Diamond Clarity Grading


» Color

This is another determinant in evaluating and pricing a diamond. Generally, diamonds that are displaying tints of color are less desired, because the presence of color diminishes the stone’s sparkling capacity. Simply said, the more colorless the diamond, the higher its price.

» Culet Size

The culet is the sharp, pointed part at the bottom of the diamond. It represents the base of the pavilion where all the pavilion facets meet at one single point. The modern jewelry practice shows that most diamonds do not have culets or if they have, they are very small. The main reason for that is because a large culet will hinder the passage of light through the stone, which is essential for it to exhibit the desired sparkle. Therefore, if you come across a diamond with a large culet, it is very probable that it is going to sell at a lower price.  


» Girdle Thickness

Diamond prices are set by putting into consideration the condition of the girdle too. So, diamonds with too thin or too thick girdles stand for lower prices, but also lower quality. A girdle that is thinner than the normal standards is going to increase the stone’s vulnerability (it will be more prone to scratching and chipping), while an overly thick girdle will make it less attractive.

Girdle Thickness Of Diamond


» Fluorescence

Some diamonds have a special characteristic of emitting a soft colored glow when the stone is exposed to ultraviolet light. That is called fluorescence. According to the statistics, about 30% of the overall diamond supply is fluorescent, which is a rare and extremely desired phenomenon in diamond jewelry. But, as you already know, what is rare and unique always comes at a high price, meaning that fluorescent diamonds could not be afforded by average consumers.

» Polish

Polish represents the way a diamond’s surface looks. More precisely, are the facets smooth, silky and brilliant? “High Polish” is the highest and costliest polish grade, because it enhances the luster of the diamond and the star-studded look of the overall jewelry piece.

» Retailer

Not surprisingly, diamond prices are affected by the retailer (brand) that sells the specimens.

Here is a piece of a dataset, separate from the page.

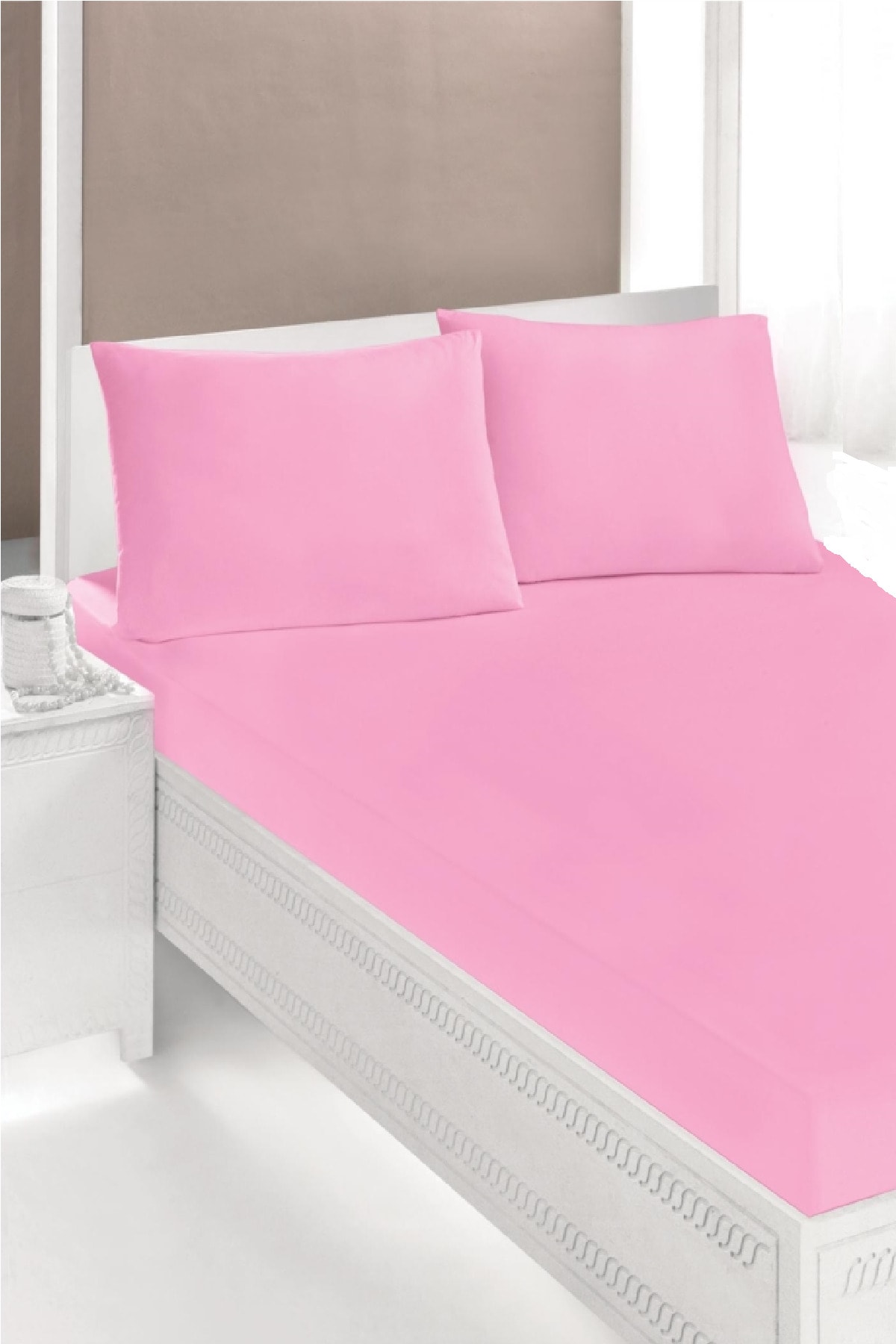 Altın%20Karma%20Çift%20Kişilik%20İnce%20Penye%20Lastikli%20Çarşaf%20150x200%20Cm%202%20Adet%20Yastık%20Kılıflı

Generally, popular brands in the jewelry industry generate slightly higher prices than the lesser-known retailers, based on their well-built reputation on the market. They also stand for fine quality and reliable diamond certification that includes 100% correct information about the diamond’s specifications. There are retailers that sell their own brand(s), like Kobelli moissanite, which is offering beyond-extraordinary grades of fire and brilliance, even higher than diamond itself, while also being the cheapest alternative to diamond’s beauty.


Round Moissanite and Diamond Halo Engagement Ring in 14K White Gold


Fact No. 3

If you compare the prices of a 0.7-carat solitaire diamond ring and a 1-carat solitaire pendant, you may see some irrational numbers without really understanding where do they come from. The truth is, there is a tendency of raising the prices of the best-selling carat sizes, like 0.50, 1.00, 1.50, 2.00, etc. Therefore, do not be surprised if the 0.7-carat solitaire diamond ring sells for $3.200, while the 1-carat solitaire pendant fetches a price of $4.500. To save money on your purchase, the smartest thing you can do is to concentrate on less popular carat sizes to take advantage of reduced diamond prices.


Fact No. 4

Many enthusiastic diamond buyers are driven by the belief that larger stones are more promising than smaller ones. Well, that is not how it really is. In fact, a diamond of 0.75 carats can be sparklier and way more alluring than a 1.75-carat rock with poor cut or low clarity/color grades. This means that when inspecting diamond prices, you should not always think “big”. Sometimes, you can get much more with a smaller diamond, which at the same time, will stay within your preferred budget.


Fact No. 5

The first thing a savvy consumer does when entering the confusing world of diamond prices, is selecting a retailer that sells a diamond labeled “certified”. This should be the number one principle of anyone planning to spend more than $1.000 on this particular purchase. A diamond that has been provided with a certificate issued by a renowned gemological laboratory (GIA, IGI, AGS) will give you a peace of mind that you have paid for a precious stone that truly stands for each and every of its qualities.